Читаем Дни и ночи полностью

- Это можно,- оживился Ремизов и снова крикнул: - Шарапов! Помоги мне встать.

Шарапов помог ему встать, и он, кряхтя и разминаясь, пошел по блиндажу.

- Дай мне автомат и диск с трассирующими. Пойдемте, Сабуров. Я сам, коли так, тоже очередь дам.

Шарапов и еще один автоматчик вышли из блиндажа вслед за Ремизовым и Сабуровым.

- Становись рядом со мной. Стрелять по команде "три", очередью. Будем считать, что это наш прощальный салют Филипчуку.- Ремизов повернулся к автоматчику: - Отдайте свой автомат капитану. Возьмите, Сабуров. Вместе с вами помянем товарища!

Небо уже начинало сереть, когда по команде "три" они выпустили по автоматной очереди. Светящиеся трассы пуль, изгибаясь где-то в конце пути, взлетели высоко в темно-сером воздухе над Волгой.
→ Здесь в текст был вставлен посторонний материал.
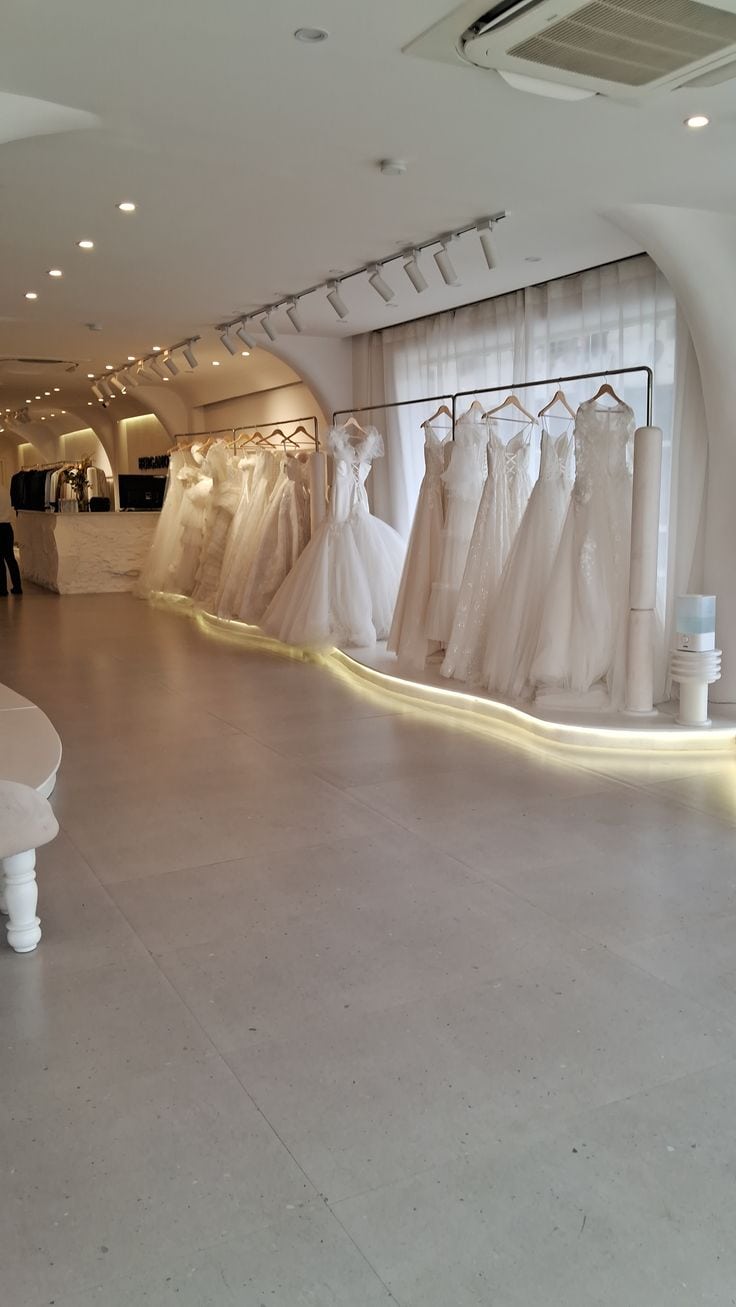 Những mẫu thi công shop trang phục cưới tuyệt đẹp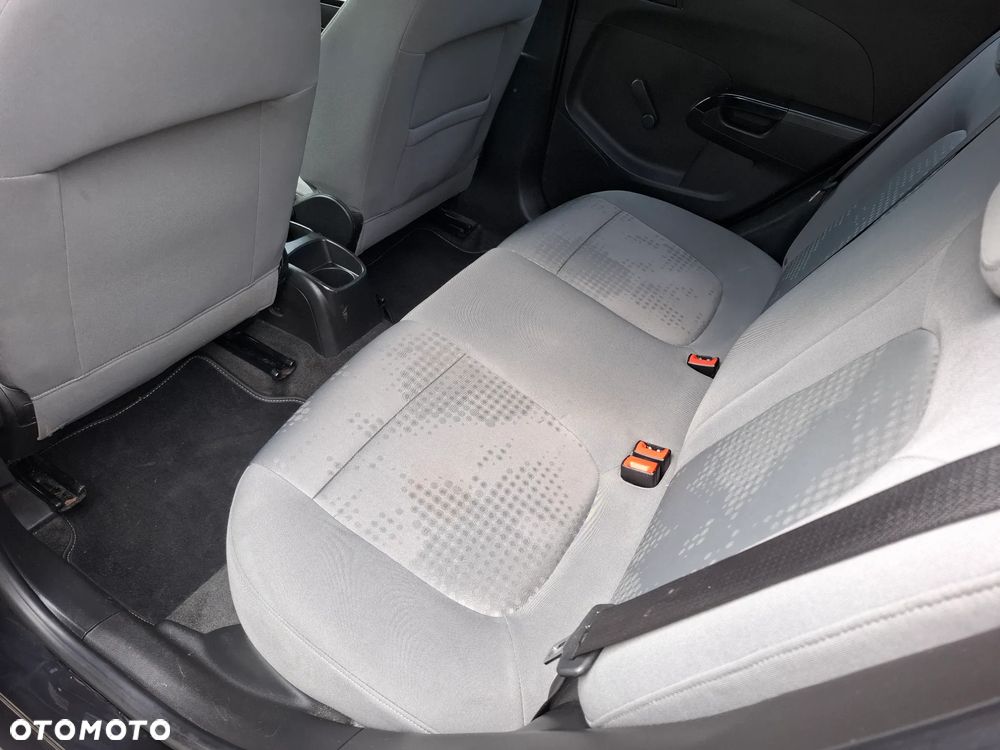 Chevrolet Aveo - 32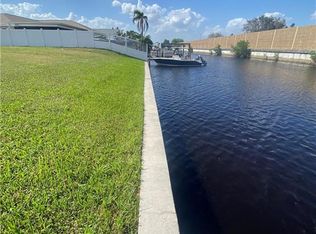 2455 Everest PKWY, CAPE CORAL, FL 33904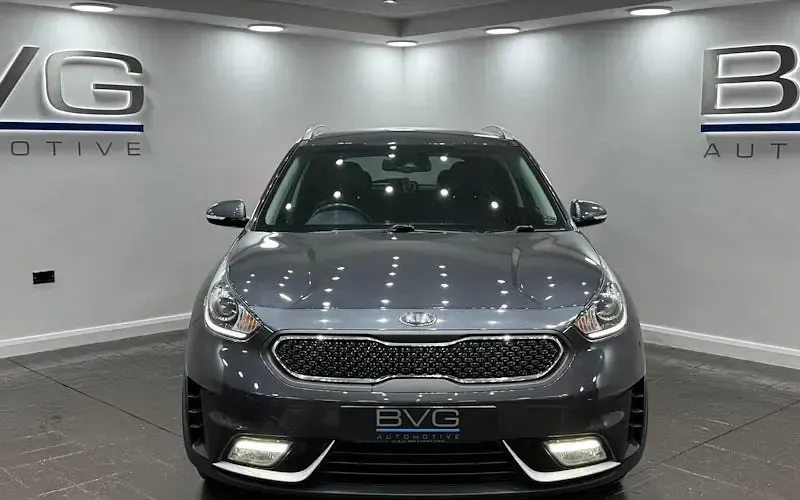 Używany Kia Niro 141 KM (103 kW) 2019 Szary SUV
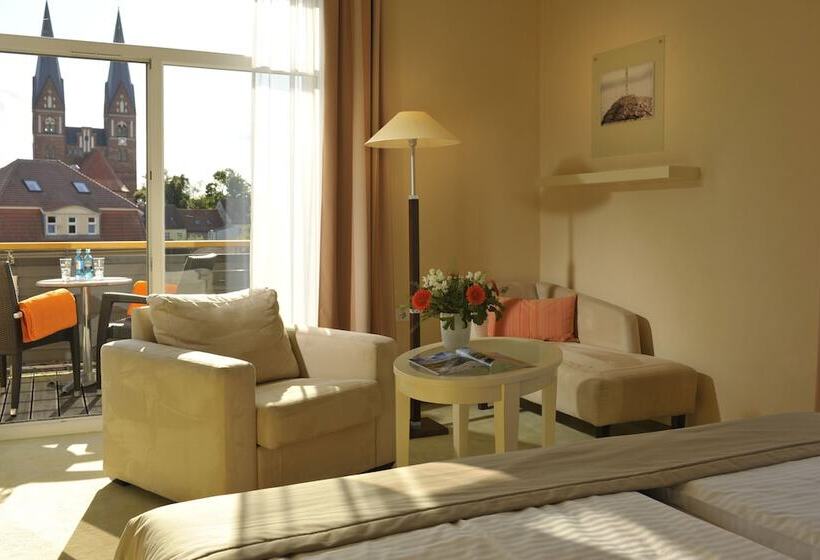 هتل Resort Mark Brandenburg & Fontane Therme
Ремизов дал вдогонку еще одну очередь и посмотрел на Сабурова, как раз в эту минуту хотевшего сказать, что ему пора идти обратно.

- Не пущу вас, уже светает. И вообще не пущу. До трех раз судьбу испытывать можно, больше не надо. Пробьемся завтра ночью - вернетесь.

- У меня там батальон без командира,- сказал Сабуров.

- А у меня тут два батальона без командиров. Идите спать. Шарапов, устрой капитана на комиссарскую койку. Погиб у меня комиссар. Прекрасный был человек. Только месяц назад из райкома партии прислали. Воевать не умел, а бодрость душевную даже в меня, в старого черта, вселял. Очень жалею. Даже удивительно, как жалею. Пойдемте в блиндаж.

XIX

Когда Сабуров проснулся, было уже три часа дня: он проспал почти восемь часов. В углу блиндажа кто-то копошился.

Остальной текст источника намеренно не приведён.